• Source data:
■ ■ ■ ■ ■

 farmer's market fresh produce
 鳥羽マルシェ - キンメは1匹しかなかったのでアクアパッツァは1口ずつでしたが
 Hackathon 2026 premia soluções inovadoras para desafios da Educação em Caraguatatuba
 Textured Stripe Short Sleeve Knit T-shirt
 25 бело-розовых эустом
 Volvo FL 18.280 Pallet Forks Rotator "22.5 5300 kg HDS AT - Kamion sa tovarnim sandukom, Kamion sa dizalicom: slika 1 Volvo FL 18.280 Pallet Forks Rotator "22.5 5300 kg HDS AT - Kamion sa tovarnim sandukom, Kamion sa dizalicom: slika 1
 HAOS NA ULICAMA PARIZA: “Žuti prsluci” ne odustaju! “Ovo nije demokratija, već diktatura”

■ ■ ■ ■ ■

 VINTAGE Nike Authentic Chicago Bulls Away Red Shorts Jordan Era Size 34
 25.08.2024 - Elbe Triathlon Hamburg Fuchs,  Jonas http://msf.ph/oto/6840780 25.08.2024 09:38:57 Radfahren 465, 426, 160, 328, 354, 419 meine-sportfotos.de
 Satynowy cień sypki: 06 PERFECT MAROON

■ ■ ■ ■ ■

All lines in the listing above from the line containing "25 бело-розовых эустом" to the line containing "slika 1 Volvo", inclusive, should be retyped exactly; no other lines should appear.

 25 бело-розовых эустом
 Volvo FL 18.280 Pallet Forks Rotator "22.5 5300 kg HDS AT - Kamion sa tovarnim sandukom, Kamion sa dizalicom: slika 1 Volvo FL 18.280 Pallet Forks Rotator "22.5 5300 kg HDS AT - Kamion sa tovarnim sandukom, Kamion sa dizalicom: slika 1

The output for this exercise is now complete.